Based on this context, please provide a simple answer to the following question:

What is money?

Response: Money is a medium of exchange used to facilitate transactions and represent value.
Sources: []


In [31]:
import os
import shutil
import sys

from langchain.schema import Document
from langchain.text_splitter import RecursiveCharacterTextSplitter
from langchain_community.document_loaders import DirectoryLoader
from langchain_community.vectorstores import Chroma
from langchain_openai import ChatOpenAI, OpenAIEmbeddings
from langchain.prompts import ChatPromptTemplate

CHROMA_PATH = "chroma"
DATA_PATH = "data/books"
PROMPT_TEMPLATE = """
You are an intelligent assistant. You have been provided with the following context extracted from a PDF document:

{context}

Based on this context, please provide an answer to the following question:

{question}
"""


def main():
    pdf_file = "index.pdf"
    documents = load_documents(pdf_file)
    chunks = split_text(documents)
    save_to_chroma(chunks)

    query_text = "Why humans run the world?"
    embedding_function = OpenAIEmbeddings()
    db = Chroma(persist_directory=CHROMA_PATH, embedding_function=embedding_function)
    results = db.similarity_search_with_relevance_scores(query_text, k=3)
    if len(results) == 0 or results[0][1] < 0.7:
        print("Please ask a question related to the PDF file!")
        return


    context_text = "\n\n---\n\n".join([doc.page_content for doc, _score in results])
    prompt_template = ChatPromptTemplate.from_template(PROMPT_TEMPLATE)
    prompt = prompt_template.format(context=context_text, question=query_text)
    print(prompt)

    model = ChatOpenAI()
    response_text = model.predict(prompt)

    sources = [doc.metadata.get("source", None) for doc, _score in results]
    formatted_response = f"Response: {response_text}\nSources: {sources}"
    print(formatted_response)


def load_documents(file):
    loader = DirectoryLoader(DATA_PATH, glob=file)
    documents = loader.load()
    return documents


def split_text(documents: list[Document]):
    text_splitter = RecursiveCharacterTextSplitter(
        chunk_size=400,
        chunk_overlap=100,
        length_function=len,
        add_start_index=True,
    )
    chunks = text_splitter.split_documents(documents)
    print(f"Split {len(documents)} documents into {len(chunks)} chunks.")

    document = chunks[10]
    print(document.page_content)
    print(document.metadata)

    return chunks


def save_to_chroma(chunks: list[Document]):
    if os.path.exists(CHROMA_PATH):
        shutil.rmtree(CHROMA_PATH)

    Chroma.from_documents(chunks, OpenAIEmbeddings())

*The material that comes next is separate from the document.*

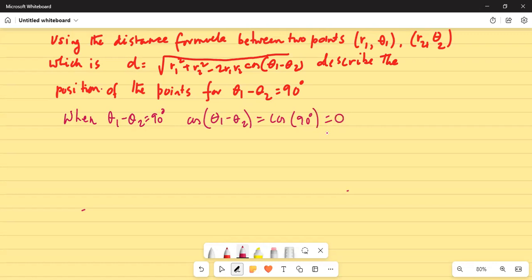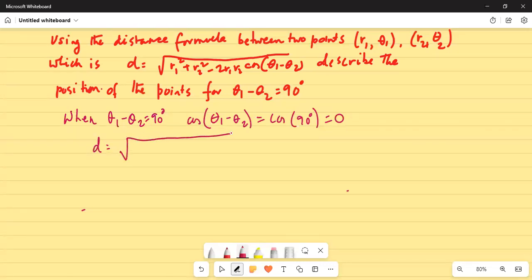Do not leave right away — I'll give you a tip at the end of this presentation. So the distance now becomes d equal to square root of r1 squared plus r2 squared minus 2 r1 r2 times 0.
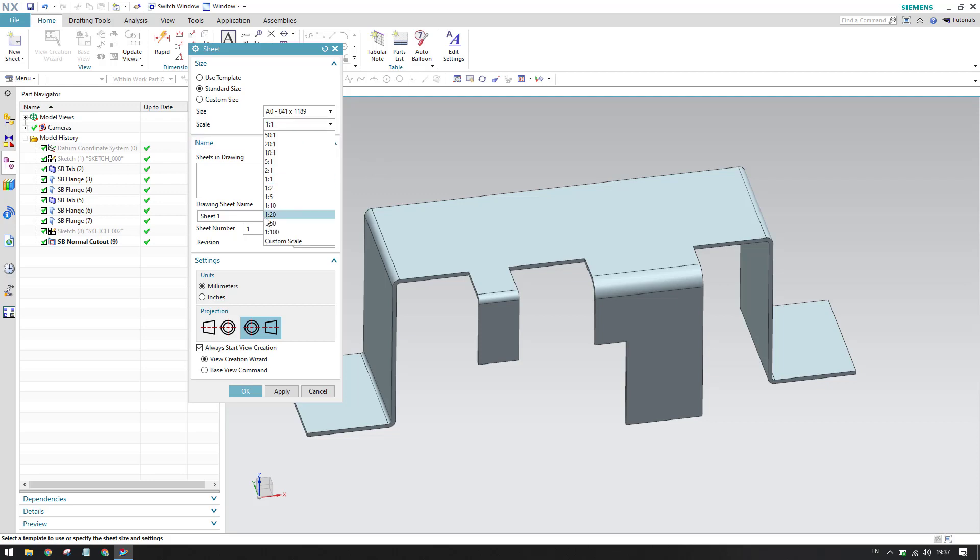Suppose if you have a big model which will not fit into your drawing sheet, then you can go to other scales. It is recommended always, if all the views are fitting into your drawing sheet, then you should not change into any other scales. Now it comes to naming - naming completely depends on you, what naming you want to give for sheet in drawing as well as the drawing sheet name.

if __name__ == "__main__":
    main()


Split 1 documents into 220 chunks.
16,000 Sapiens settle America. Extinction of American megafauna.

13,000

Extinction of Homo floresiensis. Homo sapiens the only surviving human

species.

12,000

The Agricultural Revolution. Domestication of plants and animals.

Permanent settlements.

5,000

First kingdoms, script and money. Polytheistic religions.

4,250

First empire – the Akkadian Empire of Sargon.
{'source': 'data/books/index.pdf', 'start_index': 3085}
Please ask a question related to the PDF file!